Годунов угрюмо засопел. Я накрыл своей рукой его ладонь и слегка надавил, напоминая: нужно выгадать время. Кажется, вспомнил.
— Не возражает, — твердо произнес я.
— Ты чего, князь?! — вполголоса возмутился Татищев. — Не пойму я тебя. Столь спокойно сидишь и рассуждаешь, будто тебе все равно, а меж тем….
— Мне не все равно, — перебил я, — но они только и ждут нашего отказа, после чего запросят столько, что Астраханское и Казанское царства покажутся небольшим довеском в придачу к остальному, — и, повернувшись к Языкову, велел: — Но поясни, что у хозяев есть обычай, по которому во время венчания священник спрашивает согласия как у жениха, так и у невесты. С женихом все понятно, а вот невеста…. Не может же она солгать священнику, представляющему христианского бога. Это тяжкий грех.
Оживившийся дьяк торопливо затараторил, а едва закончил, как я снова сказал:
— Однако эта беда поправима. Даже если она не согласна, то ее брат Федор Борисович Годунов, кой ей в отца место, вернув сестру в Москву, постарается ее уговорить, чтобы она захотела отдать руку и сердце великому хану Кызы-Гирею. Правда, для этого ему потребуется время. Дней десять.
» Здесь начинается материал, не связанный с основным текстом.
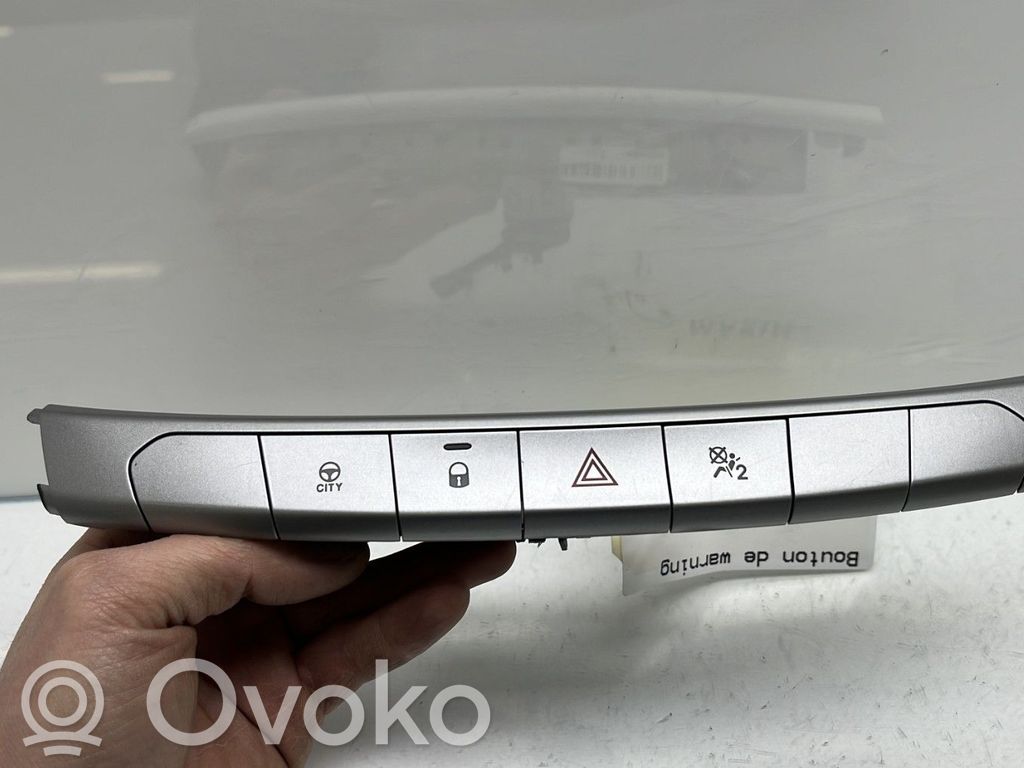 Fiat Tipo Hazard light switch 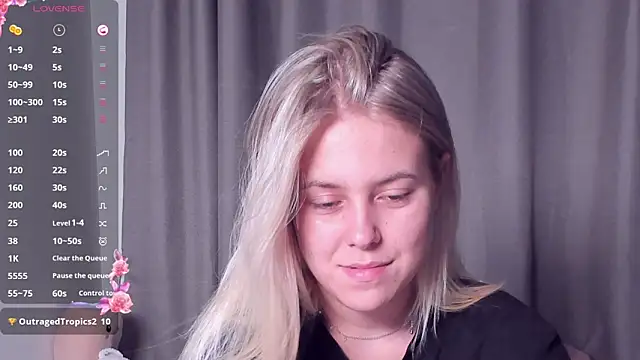 AngelAnty online show from September 12, 2025, 4:29 pm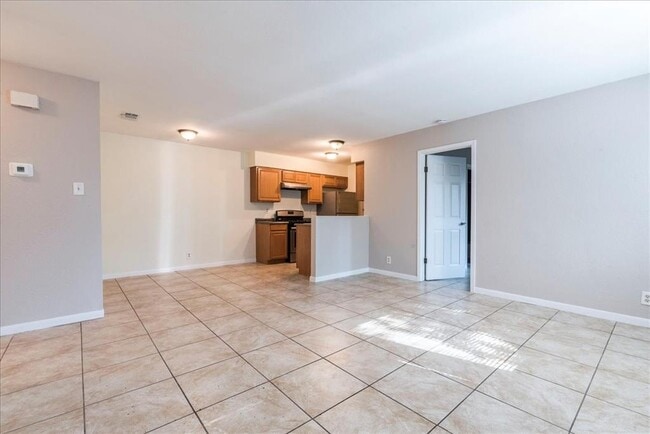 Photo - 2302 Tern Cir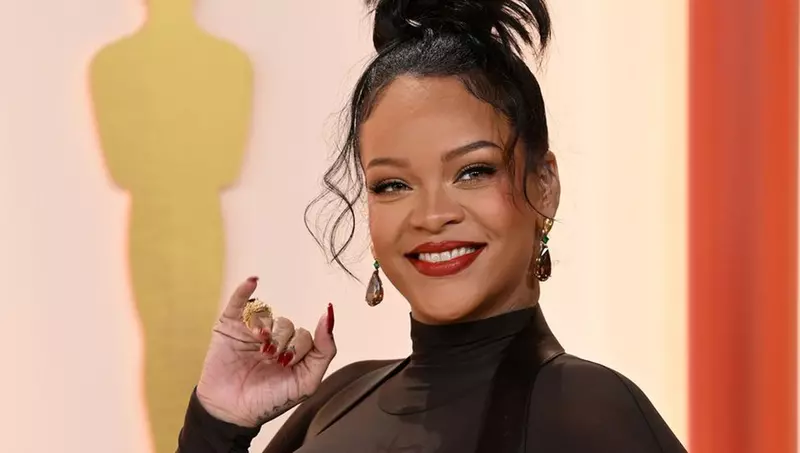 Rihanna a nascut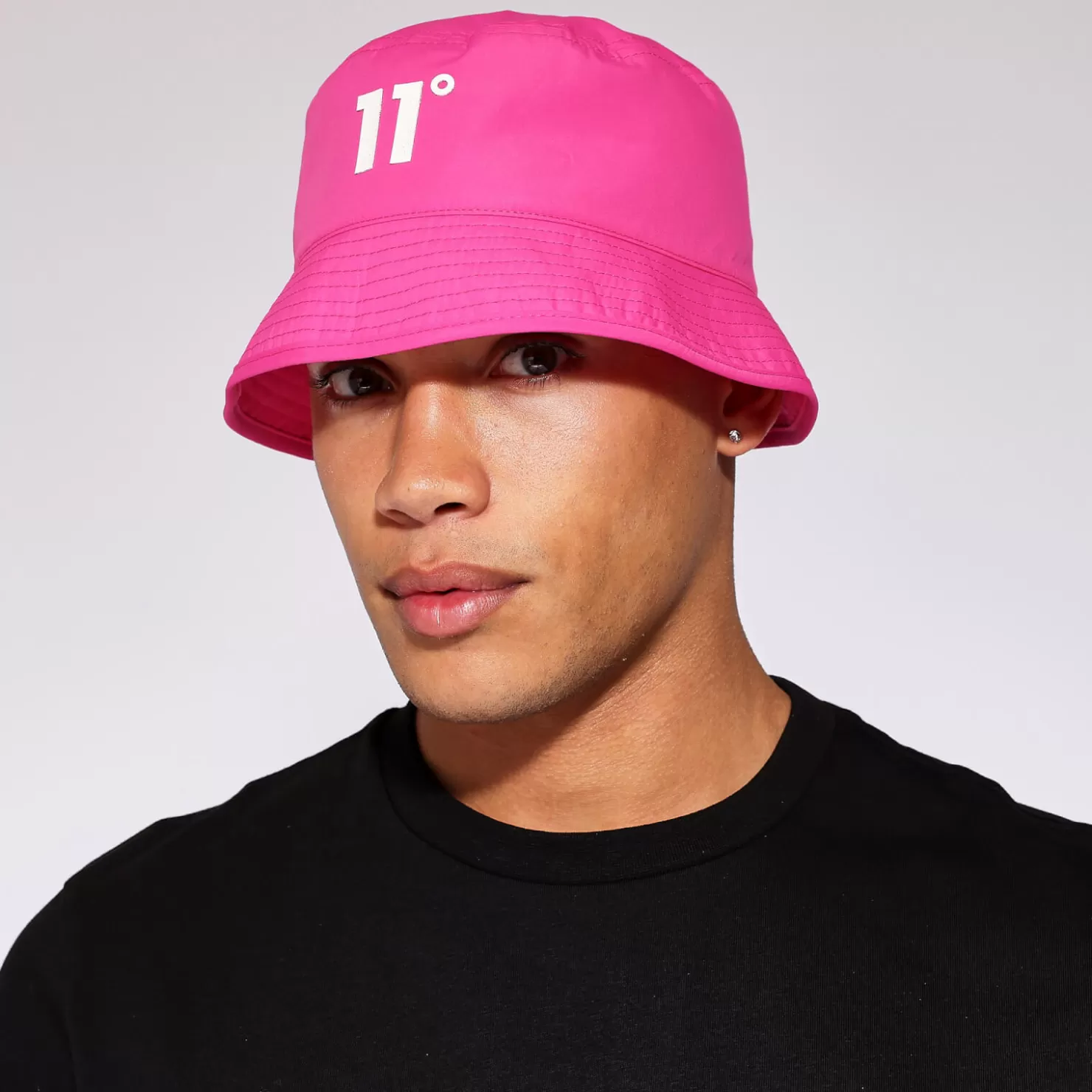 11 Degrees Caps & Hats< Nylon Bucket Hat - Neon Pink Glo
Услышав это, Тохтамыш загадочно улыбнулся и покосился на сидящего слева Хаджи-бея. Да, да, того самого, мужа старшей ханской сестры Кутлу-султан, которая ана-беим. Он низко склонил голову в знак того, что понял и на чистом русском, практически без акцента, произнес:
— Калга-султан Тохтамыш от имени своего великого отца готов дать Федору Борисовичу испрашиваемые десять дней.
— Ну слава богу, — вздохнул Татищев, а Годунов и Сабуров молча перекрестились. Мы с Кузьмой Миничем обменялись тревожными взглядами и креститься не стали, чуя очередной подвох.
— Но сердце хана охвачено великой любовью и горит от нетерпения, — неспешно продолжил Хаджи-бей. — Не зря его прозвали Бора, что на вашем языке означает бурю. Посему пускай ее брат… поедет с нами и уговаривает свою сестру на пути к Бахчисараю.
— Дорога к ханскому дворцу займет гораздо больше десяти дней, значит времени на уговоры ему хватит, — добавил скрипучим голосом сидящий рядом с ним старик с зигзагообразным шрамом через всю правую щеку.
Показалось, или в его голосе действительно прозвучала издевка? Скорее последнее. Судя по словам Палицына, передо мной Фарид-мурза из Мансуров, а их род конкурирует с нашими доброхотами Сулешовыми, следовательно, всегда выступает против Руси.
Годунов растерянно уставился на меня, а я вопросительно на стоящего чуть поодаль Дубца, прошипев сквозь зубы:
— Проверь, едет ли сюда кто-нибудь.
Вообще-то смысла эта проверка не имела. Если игра пошла в открытую, значит, татарская ловушка успела захлопнуться, но сдаваться без боя я не собирался. Времени для прыжка на Тохтамыша мне хватит, а дальше, свалив его, приставить нож к горлу и предъявлять свои требования. Какие? А пес его знает. Все зависит от обстановки, которая мне пока совершенно непонятна, кроме одного многозначительного нюанса — переговоров-то по сути нет, сплошной ультиматум. А почему, поди разбери.
Я потихоньку изготовился к прыжку, но вернувшийся Дубец обескураженно развел руками и, склонившись поближе к моему уху, сообщил, что все чисто, не считая какой-то телеги, направляющейся в сторону нашего шатра.
Вот блин горелый! Ничего не понимаю! Москва еще не взята, Годунов не в плену и, судя по сообщению Дубца, захватывать нас никто не собирается. Но тогда почему они так нагло себя ведут и выдвигают хамские — иначе не назовешь — требования? Ладно, не будем давать волю эмоциям.
— Хорошо, — кивнул я. — Но для начала давайте дождемся ее возвращения в Москву.
Губы Хаджи-бея скривились в иронической усмешке.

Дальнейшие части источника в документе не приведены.